# ARM Showcase Notebook

ARM shapes are now supported in the OCI Data Science Service. This notebook provides a showcase of what you can do with an ARM-based conda pack. For the most part the underlying platform will not make a difference, but the notebook does a check at the beginning to be sure.

## Upgrade Accelerated Data Science SDK - `oracle-ads`

The Oracle Accelerated Data Science (ADS) SDK is maintained by the Oracle Cloud Infrastructure Data Science service team. It speeds up common data science activities by providing tools that automate and/or simplify common data science tasks, along with providing a data scientist friendly pythonic interface to Oracle Cloud Infrastructure (OCI) services, most notably OCI Data Science, Data Flow, Object Storage, and the Autonomous Database.
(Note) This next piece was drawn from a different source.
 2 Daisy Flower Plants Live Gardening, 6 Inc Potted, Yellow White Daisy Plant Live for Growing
ADS gives you an interface to manage the lifecycle of machine learning models, from data acquisition to model evaluation, interpretation, and model deployment.

Before you begin with a conda environment, upgrade `oracle-ads` library - [![PyPI](https://img.shields.io/pypi/v/oracle-ads.svg)](https://pypi.org/project/oracle-ads/)  [![Python](https://img.shields.io/pypi/pyversions/oracle-ads.svg?style=plastic)](https://pypi.org/project/oracle-ads/)
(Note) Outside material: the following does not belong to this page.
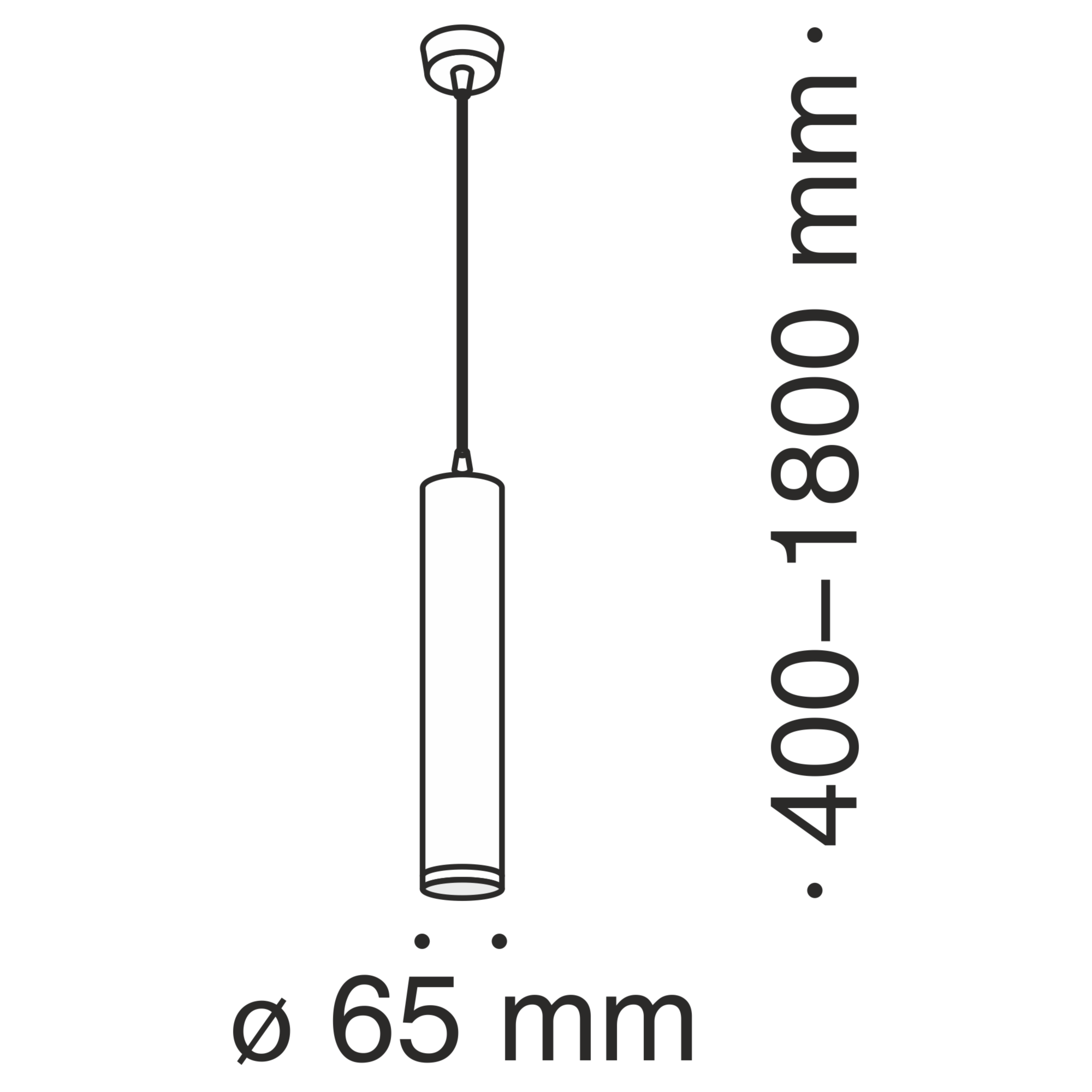 Подвесной светильник Maytoni P020PL-01S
You can check your version of `oracle-ads` by running - 

In [1]:
# Show the ADS version and platform

import ads
print(ads.__version__)

import os
print(os.uname().machine)

2.8.10


In [2]:
# Uncomment this code and set the correct proxy links if have to setup proxy for internet
# import os
# os.environ['http_proxy']="http://myproxy"
# os.environ['https_proxy']="http://myproxy"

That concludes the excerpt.